RFC 6531 also says in section 3.4 that the client MUST supply SMTPUTF8 in MAIL FROM if and only if it is necessary. I did a quick try with a couple of servers. chasquid (first time saw it) seems to not care about that out of the box. However, Exim (with smtputf8_advertise_hosts = *
) did not like it (could be overridden with explicit allow_utf8_domains = true
though)
<-- 220 DESKTOP-K26J5U0. ESMTP Exim 4.97 Ubuntu Mon, 28 Oct 2024 10:35:49 -0500
--> EHLO localhost
<-- 250-DESKTOP-K26J5U0. Hello ip6-localhost [::1]
<-- 250-SIZE 52428800
<-- 250-8BITMIME
<-- 250-PIPELINING
<-- 250-PIPECONNECT
<-- 250-CHUNKING
<-- 250-STARTTLS
<-- 250-PRDR
<-- 250-SMTPUTF8
<-- 250 HELP
--> MAIL FROM:<mlt@почта.test>
--> RCPT TO:<postmaster@почта.test>
--> DATA
<-- 501 <mlt@почта.test>: domain missing or malformed
but accepts if MAIL FROM includes SMTPUTF8
<-- 220 DESKTOP-K26J5U0. ESMTP Exim 4.97 Ubuntu Mon, 28 Oct 2024 10:36:30 -0500
--> EHLO localhost
<-- 250-DESKTOP-K26J5U0. Hello ip6-localhost [::1]
<-- 250-SIZE 52428800
<-- 250-8BITMIME
<-- 250-PIPELINING
<-- 250-PIPECONNECT
<-- 250-CHUNKING
<-- 250-STARTTLS
<-- 250-PRDR
<-- 250-SMTPUTF8
<-- 250 HELP
--> MAIL FROM:<mlt@почта.test> SMTPUTF8
--> RCPT TO:<postmaster@почта.test>
--> DATA
<-- 250 OK
<-- 250 Accepted
<-- 354 Enter message, ending with "." on a line by itself
--> Date: Mon, 28 Oct 2024 10:36:27 -0500
--> Message-ID: <09aa28c82db6a0d12e63f5c541391b33@почта.test>
--> From: mlt@почта.test
--> To: postmaster@почта.test
--> Subject: Hello
-->
--> Have a nice day!
-->
--> .
<-- 250 OK id=1t5RnA-000000005rz-41rK
Also in the middle of section 3.2 it says the client should not attempt transmission if the server does not support the extension but it is necessary… and that the client may do something depending on circumstances. I think to fully comply, ideally, msmtp should 1) recognize server's SMTPUTF8 capability 2) indicate the need in MAIL FROM 3) do our best if server is not capable of SMTPUTF8 by using punycode if local part happen to be ascii only
While 1 and 3 are easy, for 2, however, I feel like it would be nice to have some "context" struct to pass around to reduce number of arguments passed around in a few functions. It seems convenient to pre-scan recipients' characters where those are sanitized so by the time capabilities are advertised, we don't have to go over the list of recipients again.

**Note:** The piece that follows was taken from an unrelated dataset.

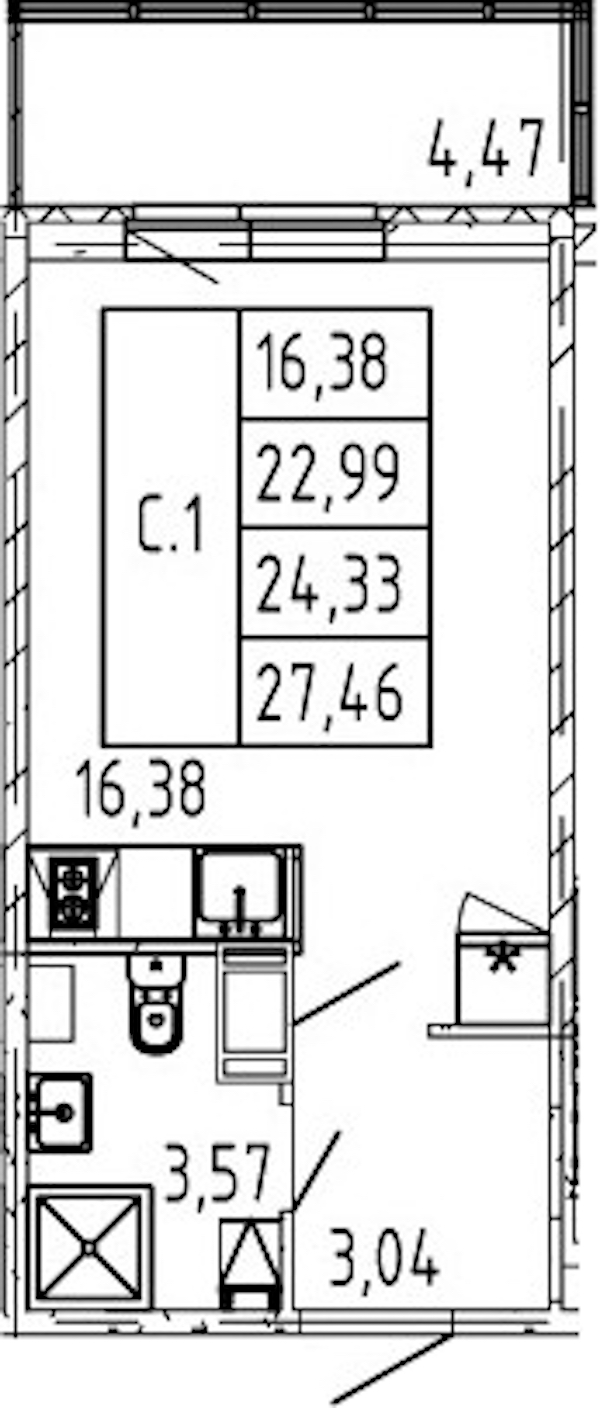 Квартира студия 22.99 м², 8/12 эт., ЖК «Полис ЛАВрики»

This SMTPUTF8 thing is a mess.
Msmtp cannot and should not attempt to find out if the mail requires SMTPUTF8, since that would require parsing all relevant mail headers. And that is so error prone that msmtp was specifically designed never to do something like that.
Instead, what we could do is detect the SMTPUTF8 server capability and if it is present, always send the SMTPUTF8 parameter. Strictly speaking that does not even violate Sec. 3.4 since msmtp is not aware whether SMTPUTF8 is needed or not.
I would not care about ancient servers not supporting SMTPUTF8 beyond not sending the SMTPUTF8 parameter. If such a server rejects a client message because there is some address and/or some header with UTF8 in it, then the user will be notified, and I think that's good enough.
That's the minimal future proof approach, and since msmtp strives for minimality, I think it is sufficient.
As a side note, we do not check whether we actually transmit in UTF8 and not something else.
We got to use punycode at least for domain part. I saw a bunch of RFCs talking about local part and downgrading as well as a proposed use of SMTPUTF8 extension on both sides. What is your take on that?